Electronic quotation boards display the Japanese yen's rate against the US dollar at a foreign exchange brokerage in Tokyo on Jan 16, 2023. (KAZUHIRO NOGI / AFP)

SINGAPORE – The dollar fell to a seven-month low against major peers on Monday while the yen spiked to an over seven-month peak as traders ramped up bets that the Bank of Japan may make further tweaks to its yield control policy at its meeting this week.

The Aussie breached the key $0.7000 level for the first time since August, and last rose 0.54 percent to $0.7013, after rising as high as $0.7019 earlier in the session.

Similarly, the euro hit a fresh nine-month top of $1.08725, and was last 0.3 percent higher at $1.0867.

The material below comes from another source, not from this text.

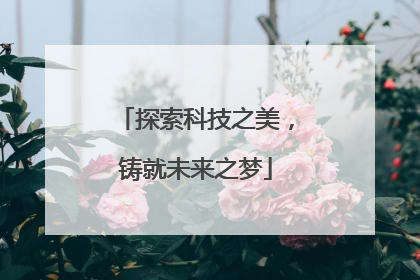 探索科技之美，铸就未来之梦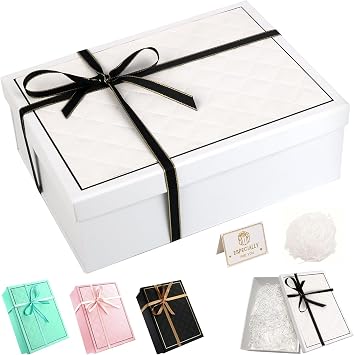 White Gift Box with Lids Large Gift Boxes for Presents Textured, Foldable Present Container with Card, Shredded Paper, Ribbon 25x18x8.8cm Empty Boxes for Valentine's Day Birthdays, Weddings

READ MORE: Asian shares cautious, BOJ faces crunch policy decision

Against a basket of currencies, the US dollar index slumped 0.46 percent to a seven-month trough at 101.79, as the greenback extended its selloff from last week after data showed that US consumer prices fell for the first time in more than 2-1/2 years in December.

The Japanese yen rose to a more than seven-month peak on Monday, as expectations that the BOJ would make further tweaks to, or fully abandon, its yield control policy when it announces its monetary policy decision on Wednesday dominated market sentiment

With decades-high inflation in the world's largest economy showing signs of cooling, investors are now betting that the Fed may be nearing the end of its rate-hike cycle, and that rates would not go as high as previously feared.

"The confirmation of a deceleration in price pressures is building up hopes that CPI could fall further in coming months," said analysts at OCBC.

"An entrenched disinflation trend can reinforce expectations that the Fed could again scale back on its pace of hike beyond the February FOMC or even position for an earlier pause or dovish pivot."

READ MORE: Powell: Fed needs independence to fight inflation

The Fed's aggressive rate increases have been a huge driver of the greenback's 8 percent surge last year.

Markets are now pricing in a 91 percent chance of a 25 basis point increase by the Fed when it announces its policy decision in February, with a 9 percent chance of a 50 bp increase.

Markets challenge BOJ 

The Japanese yen rose to a more than seven-month peak on Monday, as expectations that the BOJ would make further tweaks to, or fully abandon, its yield control policy when it announces its monetary policy decision on Wednesday dominated market sentiment.

The yen jumped more than 0.4 percent to a high of 127.24 per dollar, and last bought 127.38 per dollar.

A Japanese flag flutters at the Bank of Japan headquarters in Tokyo on July 29, 2022. (SHUJI KAJIYAMA / AP)

Markets have been pressing for the BOJ to shift away from its ultra-easy monetary policy, which caused the yield on Japan's benchmark 10-year government bonds to breach the central bank's new ceiling for two sessions. 

ALSO READ: Fed to size up next rate hike with eye on inflation

"I think the whole world will be focused on Wednesday … and probably the week in G10 (currencies) will be defined by what happens to the yen and yen crosses, out of that," said Ray Attrill, head of FX strategy at National Australia Bank (NAB).

"I don't think (the BOJ) has the luxury of time to say that they're going to assess and wait until Q2 or Kuroda to see out his term without making any further changes."

Current BOJ Governor Haruhiko Kuroda will step down in April.

ALSO READ: Japan yields break BOJ ceiling amid policy shift expectations

The BOJ's yield curve control policy has been a huge factor behind the yen's 12 percent slump last year, and since the central bank's shock decision last December to widen the band around its yield target, the yen has jumped more than 6 percent.

Sterling was last 0.45 percent higher at a one-month peak of $1.2288, while the kiwi similarly jumped 0.6 percent to $0.64235, after hitting a one-month top of $0.64255 earlier in the session.

US markets are closed on Monday for a holiday, making for thin trading.